---------- The input
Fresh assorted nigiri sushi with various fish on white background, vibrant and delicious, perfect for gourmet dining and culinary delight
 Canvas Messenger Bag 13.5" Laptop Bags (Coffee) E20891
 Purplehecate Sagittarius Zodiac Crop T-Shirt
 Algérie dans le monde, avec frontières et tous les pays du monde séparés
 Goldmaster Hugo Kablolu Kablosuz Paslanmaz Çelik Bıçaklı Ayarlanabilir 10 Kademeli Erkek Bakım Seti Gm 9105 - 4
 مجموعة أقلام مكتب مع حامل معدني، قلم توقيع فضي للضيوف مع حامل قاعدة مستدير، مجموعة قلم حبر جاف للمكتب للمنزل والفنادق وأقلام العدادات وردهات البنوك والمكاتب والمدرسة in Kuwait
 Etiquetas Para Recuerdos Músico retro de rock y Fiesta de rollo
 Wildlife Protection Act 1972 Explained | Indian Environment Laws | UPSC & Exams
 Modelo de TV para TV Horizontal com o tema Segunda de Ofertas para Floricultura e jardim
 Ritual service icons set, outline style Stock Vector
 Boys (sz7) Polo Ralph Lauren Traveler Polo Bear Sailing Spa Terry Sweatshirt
--------------------
### Problem statement
Going line by line, set down the data above exactly as given.

### Response for this exercise
Fresh assorted nigiri sushi with various fish on white background, vibrant and delicious, perfect for gourmet dining and culinary delight
 Canvas Messenger Bag 13.5" Laptop Bags (Coffee) E20891
 Purplehecate Sagittarius Zodiac Crop T-Shirt
 Algérie dans le monde, avec frontières et tous les pays du monde séparés
 Goldmaster Hugo Kablolu Kablosuz Paslanmaz Çelik Bıçaklı Ayarlanabilir 10 Kademeli Erkek Bakım Seti Gm 9105 - 4
 مجموعة أقلام مكتب مع حامل معدني، قلم توقيع فضي للضيوف مع حامل قاعدة مستدير، مجموعة قلم حبر جاف للمكتب للمنزل والفنادق وأقلام العدادات وردهات البنوك والمكاتب والمدرسة in Kuwait
 Etiquetas Para Recuerdos Músico retro de rock y Fiesta de rollo
 Wildlife Protection Act 1972 Explained | Indian Environment Laws | UPSC & Exams
 Modelo de TV para TV Horizontal com o tema Segunda de Ofertas para Floricultura e jardim
 Ritual service icons set, outline style Stock Vector
 Boys (sz7) Polo Ralph Lauren Traveler Polo Bear Sailing Spa Terry Sweatshirt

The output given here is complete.